START DATA FOR PROCESSING

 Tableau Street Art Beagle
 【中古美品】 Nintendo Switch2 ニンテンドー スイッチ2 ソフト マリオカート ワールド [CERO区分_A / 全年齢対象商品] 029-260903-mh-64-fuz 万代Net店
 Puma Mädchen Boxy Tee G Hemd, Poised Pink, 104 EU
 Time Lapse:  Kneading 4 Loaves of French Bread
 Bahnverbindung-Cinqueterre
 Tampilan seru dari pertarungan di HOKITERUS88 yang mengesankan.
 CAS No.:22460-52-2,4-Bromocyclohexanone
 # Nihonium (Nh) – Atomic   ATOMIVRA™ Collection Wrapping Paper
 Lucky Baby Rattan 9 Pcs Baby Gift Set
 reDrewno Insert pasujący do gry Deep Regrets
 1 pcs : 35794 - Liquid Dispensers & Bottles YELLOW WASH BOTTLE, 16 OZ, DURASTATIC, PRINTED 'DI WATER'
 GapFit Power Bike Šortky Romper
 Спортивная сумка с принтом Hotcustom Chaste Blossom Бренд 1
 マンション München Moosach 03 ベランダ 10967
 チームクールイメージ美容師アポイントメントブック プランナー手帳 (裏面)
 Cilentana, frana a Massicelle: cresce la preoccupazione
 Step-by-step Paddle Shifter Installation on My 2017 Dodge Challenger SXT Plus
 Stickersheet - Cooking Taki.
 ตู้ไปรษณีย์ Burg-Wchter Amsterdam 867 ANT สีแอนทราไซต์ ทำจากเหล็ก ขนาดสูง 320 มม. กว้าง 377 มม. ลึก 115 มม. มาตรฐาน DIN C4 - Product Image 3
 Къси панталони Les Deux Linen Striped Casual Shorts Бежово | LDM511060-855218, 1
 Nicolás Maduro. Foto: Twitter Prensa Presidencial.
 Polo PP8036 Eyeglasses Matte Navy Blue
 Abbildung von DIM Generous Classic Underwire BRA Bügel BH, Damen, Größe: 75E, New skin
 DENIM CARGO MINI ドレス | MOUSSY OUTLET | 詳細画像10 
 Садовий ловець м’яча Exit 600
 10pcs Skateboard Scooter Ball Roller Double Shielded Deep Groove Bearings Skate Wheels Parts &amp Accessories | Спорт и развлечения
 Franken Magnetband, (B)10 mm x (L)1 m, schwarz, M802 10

END DATA FOR PROCESSING

** HOW TO COMPLETE THIS TASK **
Each line above that contains the string "Deep" should be identified and copied.

** ANSWER SECTION **
 reDrewno Insert pasujący do gry Deep Regrets
 10pcs Skateboard Scooter Ball Roller Double Shielded Deep Groove Bearings Skate Wheels Parts &amp Accessories | Спорт и развлечения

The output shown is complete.